February marks the peak of the Northern Michigan winter season. It can also be a potentially dangerous time for visitors who venture out to the Lake Michigan shoreline to take in the magnificent ice formations that often appear along the coast this time of year.
Shelf ice can be deadly and officials at the Sleeping Bear Dunes National Lakeshore recently released this helpful diagram on their Facebook page to demonstrate why.
Last February, offshore “ice caves” were all the rage among visitors to the Sleeping Bear Dunes. These incredible ice formations resulting from months of severe cold and powerful, shore-pummeling winds caused Lake Michigan ice to collect along coast in vast, seemingly unbroken sheets that in some places extended for miles offshore.
Looks can be deceiving; the danger of shelf ice is that it isn’t solid at all.
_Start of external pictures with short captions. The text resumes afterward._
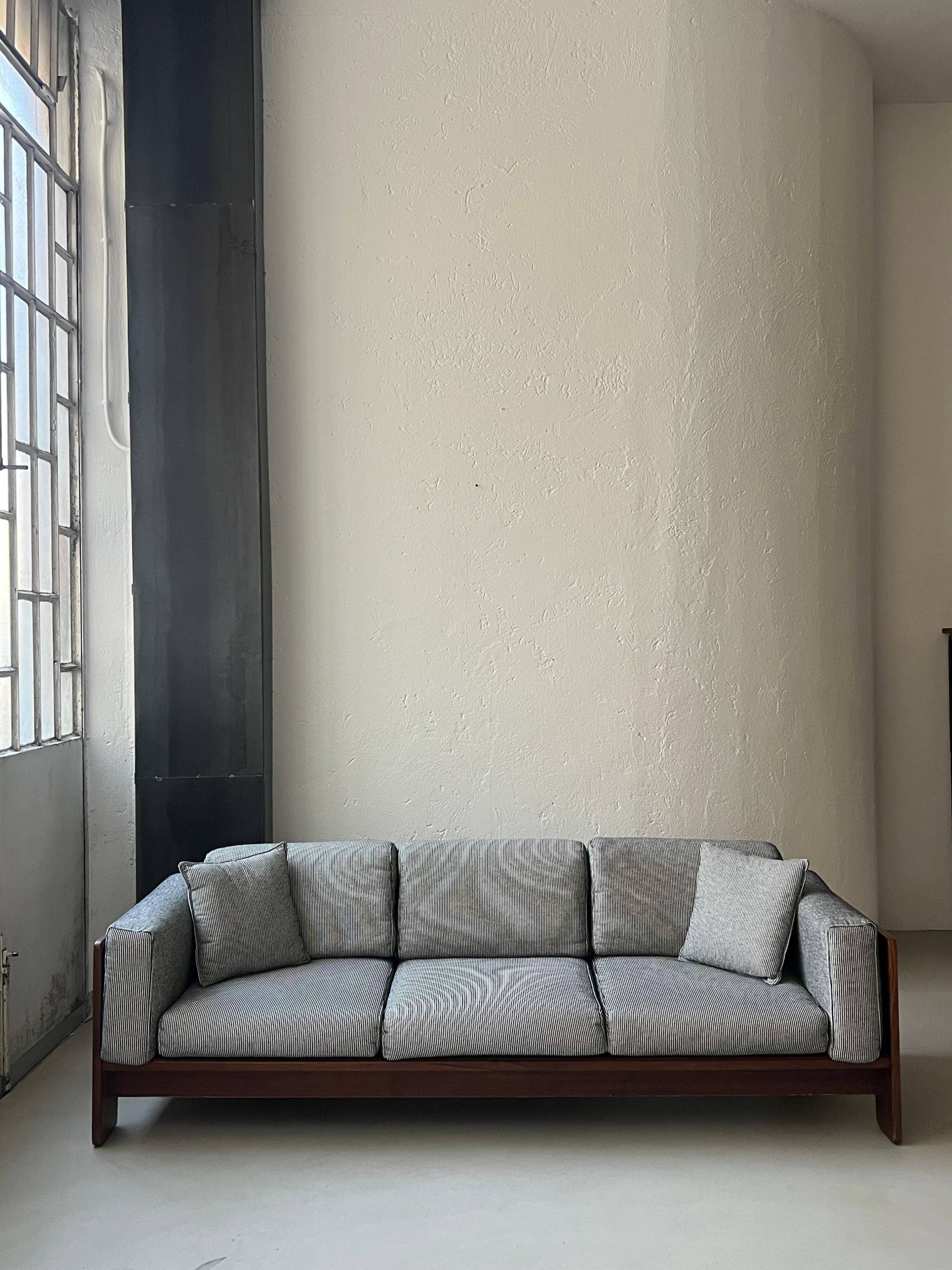 Sculptural Mid Century Bastiano sofa by Afra and Tobia Scarpa, Made in Italy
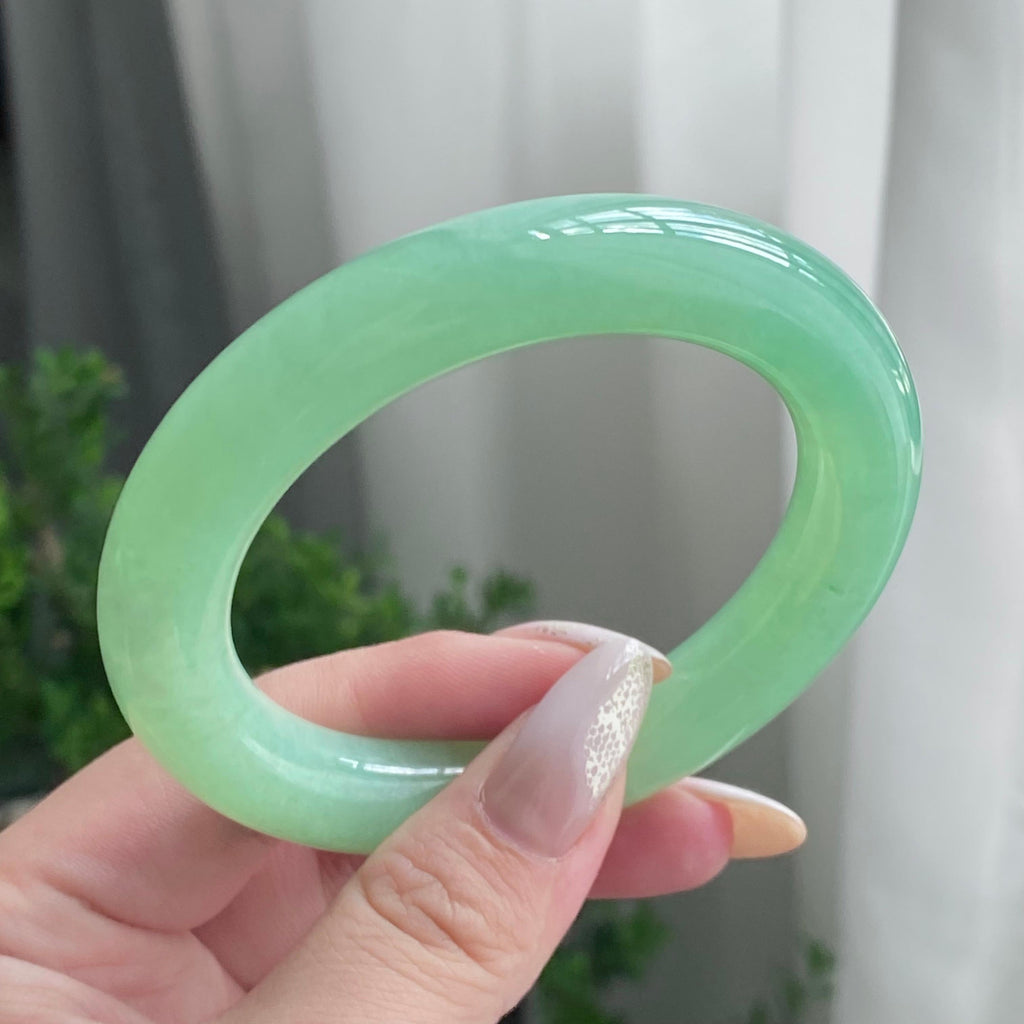 糯冰种满绿圆条手镯（55圈）（yc206677）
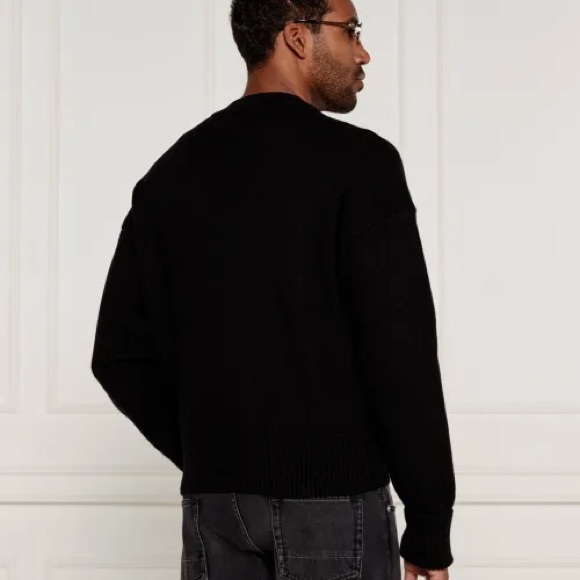 AMI PARISAmi de Coeur Wool Cardigan - gender neutral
Unlike small inland lakes where ice typically forms in a single sheet of a uniform thickness, shelf ice that collects along the shoreline of the Sleeping Bear Dunes is laced with cracks, fissures and “holes” covered with thin, weak ice created by the turbulence of the water below.
While no one was seriously hurt exploring the icy shoreline at Lakeshore last February, the same could not be said for other parts of the state—specifically near the Lake Michigan town of Grand Haven where at least three people had to be rescued after breaking through shelf ice.
To help educate visitors about the potential danger of shelf ice this season, Sleeping Bear officials offered this illustration to help show the potential danger it presents. Venturing onto the ice is “proceed at your own risk” endeavor and something that—if you must—should never to be attempted alone.